Should Salt Spring be governed like a municipality?

SALT SPRING ISLAND (NEWS 1130) – A big vote is being staged on Saturday on Salt Spring Island.

People living on the island are being asked whether they want to be governed by a municipality.

About 10,000 people reside on the Gulf Island, which is now unincorporated, administered by an elected body called the Islands Trust. Decisions related to roads on the island are made by the province, while recreational services are overseen by the Capital Regional District.

A vote in favour of a new local government would grant the island a mayor and six councillors.

“It’s a feudal system and it’s not current day democracy,” says Ken Marr, campaigning for the Yes side.

He’s lived on the island since the late ’60s.

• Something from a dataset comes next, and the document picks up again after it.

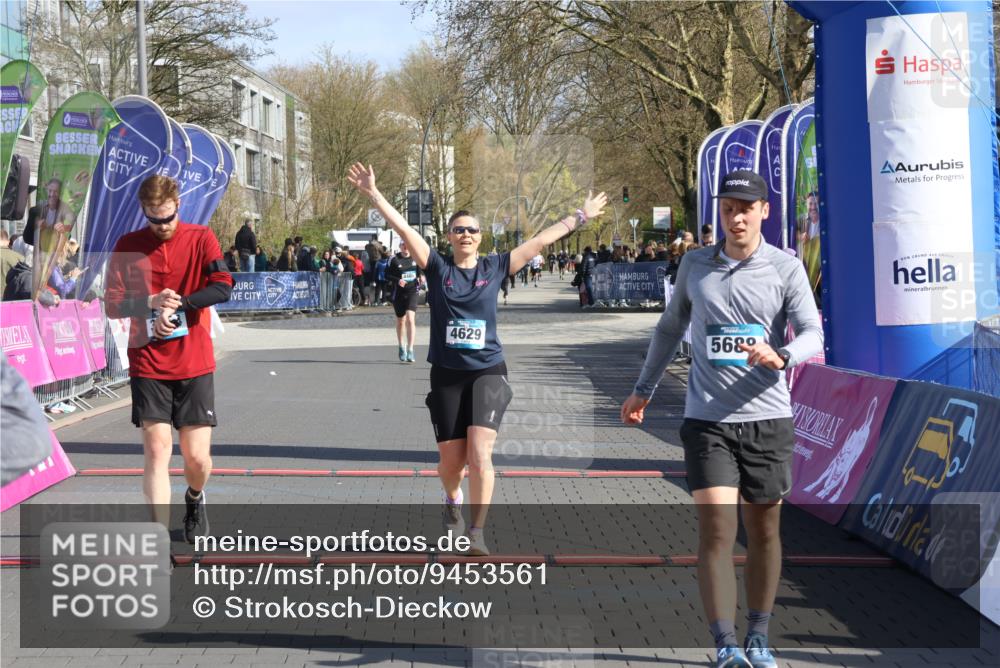 12.04.2026 - 45. Internationalen Wilhelmsburger Insellauf Strokosch-Dieckow http://msf.ph/oto/9453561 12.04.2026 10:40:15 Ziel 3442, 5688, 3834, 4629 meine-sportfotos.de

He thinks decision-making on the island is too fragmented.

“Decisions need to be coordinated under one umbrella and one budget. When you look at how things work, they don’t so well, and they don’t work efficiently.”

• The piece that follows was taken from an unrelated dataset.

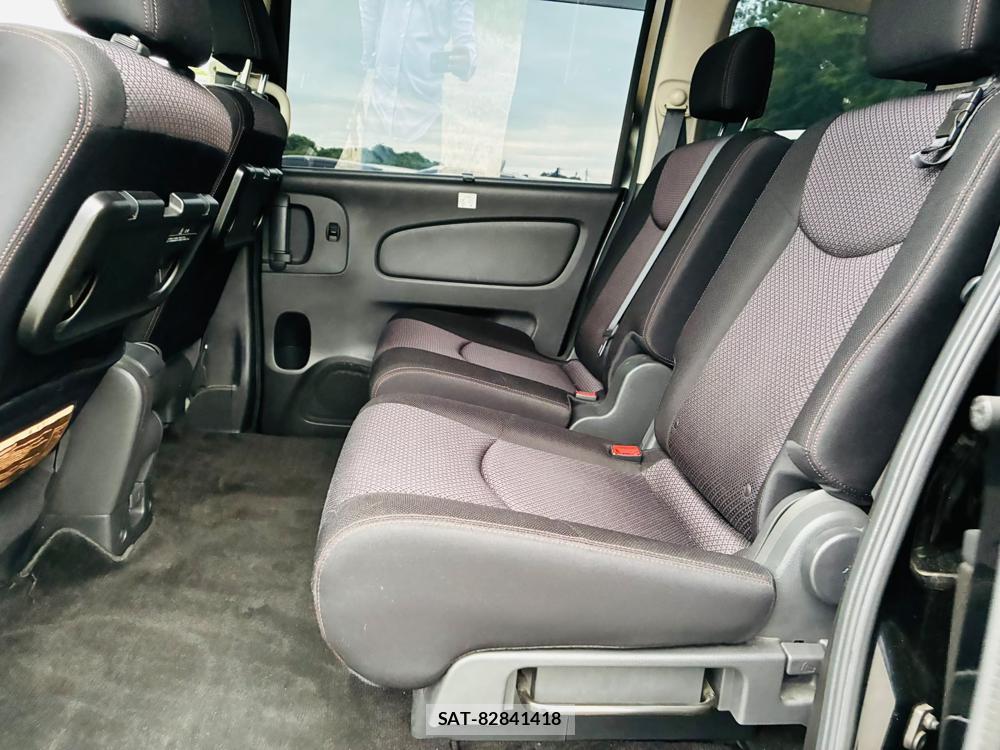 Nissan SERENA 2013-09 8226619-9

However, those on the other side of the debate embrace the ‘preserve and protect’ mandate of the Trust.

Changes to the local government structure pose “a risk that I don’t want to take. I don’t want to jeopardize what we have now,” says Peter Lamb, campaigning for the No side. He has lived on the island for three decades and even served as a trustee on the Trust.

“The island was intended to be managed in a very unique and sensitive way. We have quite a fragile environment. We have very important ecosystems throughout the Gulf Islands that need to be protected.”

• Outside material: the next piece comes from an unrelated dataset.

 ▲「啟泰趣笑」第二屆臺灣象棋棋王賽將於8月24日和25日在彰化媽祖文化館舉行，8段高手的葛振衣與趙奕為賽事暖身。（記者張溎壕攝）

He says despite the myth that it’s hard to get projects approved on the island, because of the involvement of several decision-making bodies, the island is equipped with public transit, a library, a swimming pool and an arts centre.

People are bracing for big tax hikes if incorporation goes ahead. But Marr insists the tax bill for the average person would be about $10 a year more.

The island had a similar vote back in 2002, when the incorporation option was rejected by 70 per cent of voters.